Reading up a bit on Java 8, I got to this blog post explaining a bit about streams and reduction of them, and when it would be possible to short-circuit the reduction. At the bottom it states:
Note in the case of findFirst or findAny we only need the first value which matches the predicate (although findAny is not guaranteed to return the first). However if the stream has no ordering then we’d expect findFirst to behave like findAny. The operations allMatch, noneMatch and anyMatch may not short-circuit the stream at all since it may take evaluating all the values to determine whether the operator is true or false. Thus an infinite stream using these may not terminate.
I get that findFirst or findAny may short-circuit the reduction, because as soon af you find an element, you don't need to process any further.
But why would this not be possible for allMatch, noneMatch and anyMatch? For allMatch, if you find one which doesn't match the predicate, you can stop processing. Same for none. And anyMatch especially doesn't make sense to me, as it it pretty much equal to findAny (except for what is returned)?
Saying that these three may not short-circuit, because it may take evaluating all the values, could also be said for findFirst/Any.
Is there some fundamental difference I'm missing? Am I not really understanding what is going on?
There's a subtle difference, because anyMatch family uses a predicate, while findAny family does not. Technically findAny() looks like anyMatch(x -> true) and anyMatch(pred) looks like filter(pred).findAny(). So here we have another issue. Consider we have a simple infinite stream:
Stream<Integer> s = Stream.generate(() -> 1);
So it's true that applying findAny() to such stream will always short-circuit and finish while applying anyMatch(pred) depends on the predicate.

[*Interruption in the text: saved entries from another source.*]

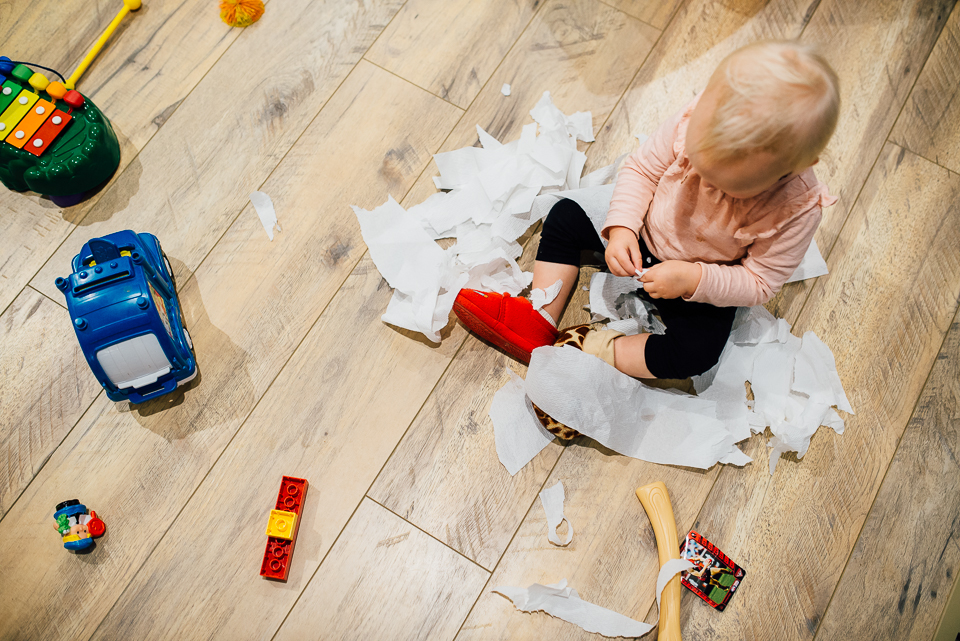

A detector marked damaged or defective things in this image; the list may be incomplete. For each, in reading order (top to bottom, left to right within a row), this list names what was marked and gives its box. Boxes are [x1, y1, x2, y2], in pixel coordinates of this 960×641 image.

torn toilet paper [249, 191, 280, 241]
torn toilet paper [540, 480, 568, 544]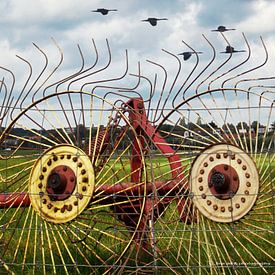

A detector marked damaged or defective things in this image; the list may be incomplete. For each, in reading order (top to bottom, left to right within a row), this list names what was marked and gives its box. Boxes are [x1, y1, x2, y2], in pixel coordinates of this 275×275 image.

rusty metal wheel [0, 92, 147, 274]
rusty metal wheel [146, 90, 274, 274]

However let's filter our infinite stream:
Stream<Integer> s = Stream.generate(() -> 1).filter(x -> x < 0);
Is the resulting stream infinite as well? That's a tricky question. It actually contains no elements, but to determine this (for example, using .iterator().hasNext()) we have to check the infinite number of underlying stream elements, so this operation will never finish. I would call such stream an infinite as well. However using such stream both anyMatch and findAny will never finish:
Stream.generate(() -> 1).filter(x -> x < 0).anyMatch(x -> true);
Stream.generate(() -> 1).filter(x -> x < 0).findAny();
So findAny() is not guaranteed to finish either, it depends on the previous intermediate stream operations.
To conclude I would rate that blog-post as very misleading. In my opinion infinity stream behavior is better explained in official JavaDoc.
Answer Updated
I'd say the blog post is wrong when it says "findFirst or findAny we only need the first value which matches the predicate".

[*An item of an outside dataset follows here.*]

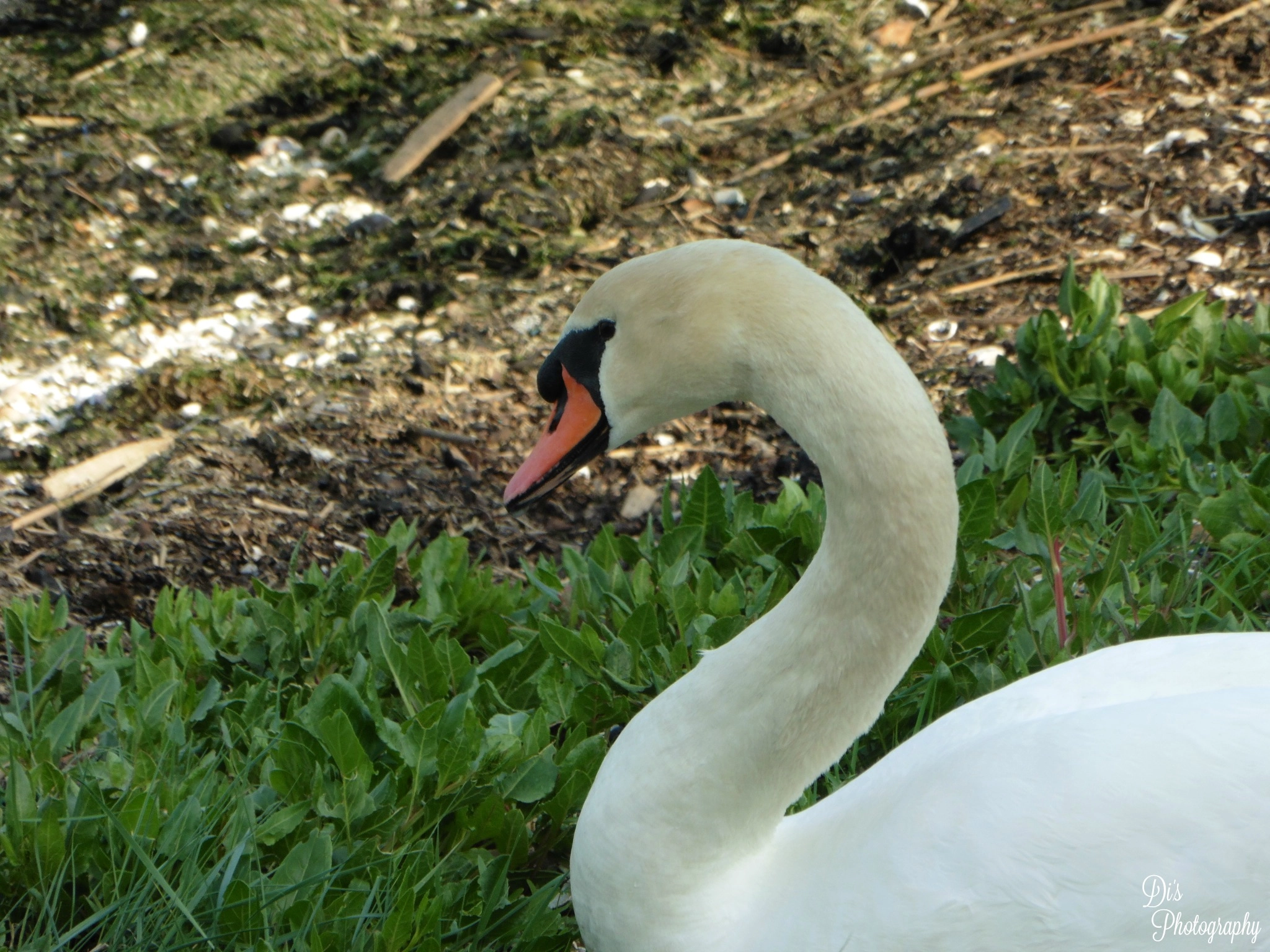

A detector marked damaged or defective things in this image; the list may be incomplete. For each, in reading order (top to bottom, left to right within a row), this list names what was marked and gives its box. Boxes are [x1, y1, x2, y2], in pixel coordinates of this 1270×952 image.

broken stick [384, 73, 508, 182]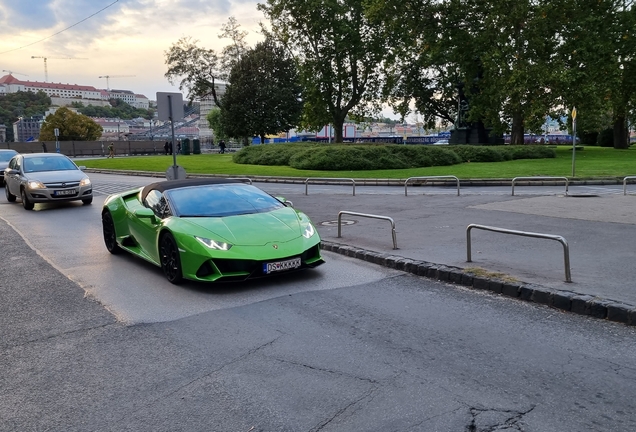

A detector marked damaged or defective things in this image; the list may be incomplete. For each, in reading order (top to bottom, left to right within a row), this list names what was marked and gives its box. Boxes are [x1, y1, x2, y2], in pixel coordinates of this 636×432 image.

crack in asphalt [464, 404, 536, 432]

In the javadoc for allMatch(Predicate), anyMatch(Predicate), noneMatch(Predicate), findAny(), and findFirst():
This is a short-circuiting terminal operation.
However, note that findFirst and findAny doesn't have a Predicate. So they can both return immediately upon seeing the first/any value. The other 3 are conditional and may loop forever if condition never fires.
According to Oracle's Stream Documentation:
https://docs.oracle.com/javase/8/docs/api/java/util/stream/package-summary.html#StreamOps
A terminal operation is short-circuiting if, when presented with infinite input, it may terminate in finite time. Having a short-circuiting operation in the pipeline is a necessary, but not sufficient, condition for the processing of an infinite stream to terminate normally in finite time.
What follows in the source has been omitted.